We began with something called paal kozhukattai which tasted like balls of canvas shoe polish dipped in sugar syrup. After this disastrous beginning, things got better. Upma Kozhukattai was a lot better. The Ragi Dosa was universally acclaimed. Paruppu Podi Sevai was hailed as the ultimate. The Academy committee has a weakness for bonda and this was called for next. Unfortunately, it was just like the way it is made in the Academy. Gnanambiga’s morning coffee is better than the evening’s. But Ashoka poli (spelt boli) was good. Noticed that English howlers abounded once again on the menu. Or at least #kogul errors – what is thagi papti?
Returned to Academy and reported to President who thanks to grapevine knew about our visit already.
No cutchery day. Mother turned 70 and there was dinner at Gymkhana for a few family members. More food. Tottered home at 11.00 pm. Tomorrow hopefully should see more music and less food. Have done nothing for the Tyagaraja talk. Worse, not made up my mind on what to wear.
How can a lec-dem become a dem-dem? Saw it this morning at Academy. Perhaps because there was a lot of “lok-lok” coughing among the audience thanks to bad throats and congested chests.
The story of how some lecdems were more heat and dust than music
This was the subject on which Sumitra Vasudev presented this morning.
The Sangita Ratnakara (SR) she said, speaks of the gamaka as a movement involving several notes as opposed to just one as is understood nowadays. The Sangita Samaya Sara (SSS) of Parhsvadeva of the 13th century speaks of gamaka from the context of conveying or revealing the svarupa. It shows the subtle tones that come in when singing on a particular note. These concepts are accepted even today and it is remarkable that what was thought of in the 13th century applies even now.
There is a reference to gamakas in the Brhaddesi of Mathanga (7th century AD) and this can be taken to be the earliest reference. The Sangita Makaranda of Narada (11th century) speaks of 19 types of gamakas. The work also splits ragas into 3 categories – muktanga kampita (permitting extensive oscillation), arhda kampita (moderate) and kampita vihina (not permitted)

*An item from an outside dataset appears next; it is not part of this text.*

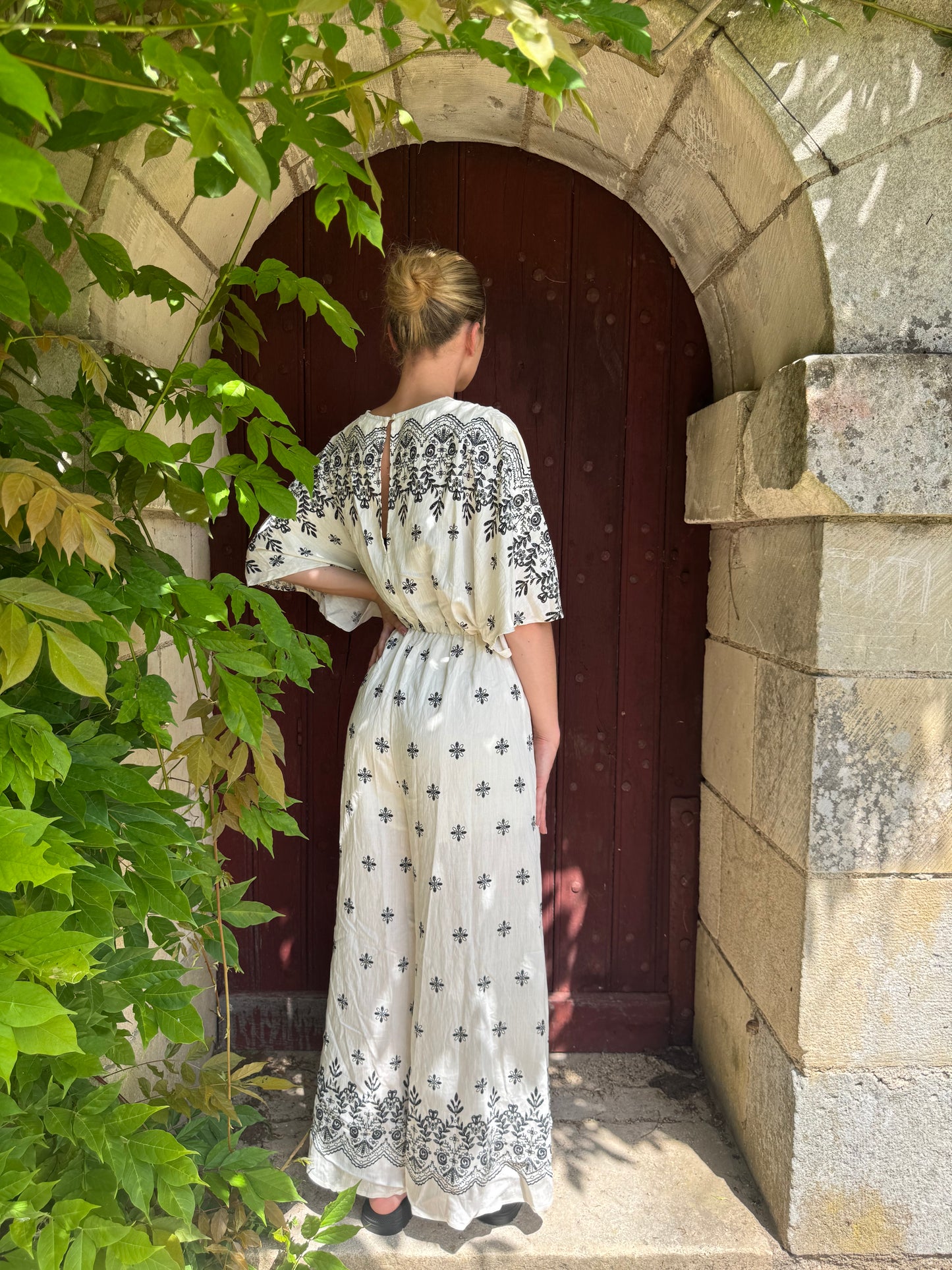 Combinaison pantalon noire et blanche à motifs Pichai
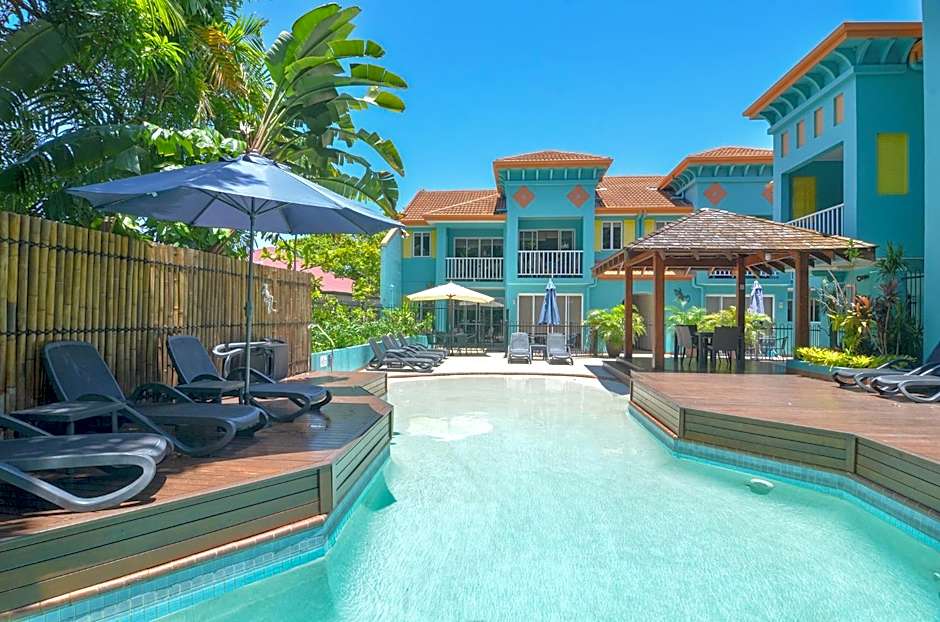 Le Cher Du Monde Adults Only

The SR says that there are 15 types of gamakas and this is a classification that is broadly accepted even now. However Sarngadeva defines the gamaka to be just a part of the practical aspects of music. Thus gamakas are dealt with by him in the SR neither in the ragadhyaya or the svaradhyaya but in the prakirnakadhyaya.
In the 17th century, Venkatamakhin in his Chaturdandi Prakasika deals with gamakas. He accepts the definitions of the SR and the SSS and states that there are 15 types though his classification makes a few changes. He says that gamakas are an aspect of the svara. His contemporary, Somanatha in his Raga Vibodha includes gamakas under techniques of playing and deals with the dholanam (earlier sphuritam) only. He classifies gamaka as a vadanabhida (variety in playing) and also states that the gamaka is a nadamaya or that which manifests.
There are a few subsequent works which are not well known which also deal with gamakas. But it is the early 20th century Sangita Sampradaya Pradarsini which is the most exhaustive. Here the gamaka becomes a thread that binds all factors together – raga, svara, phrases and the manifestation of a raga is only through the gamaka. The author Subbarama Dikshitar states that nobody would sing without gamaka. He also states that several ragas may have the same arrangement of notes and it is only through the gamaka that their individuality is established. Each raga is described in this work in terms of the gamakas in it. Several types of gamakas as illustrated in the SSP were demonstrated by the speaker.
She concluded by stating that while it is mandatory now to define a raga by its gamakas, it is also interesting that a final picture of a raga can emerge only by the elimination of what is unsuitable. (A neti neti doctrine?)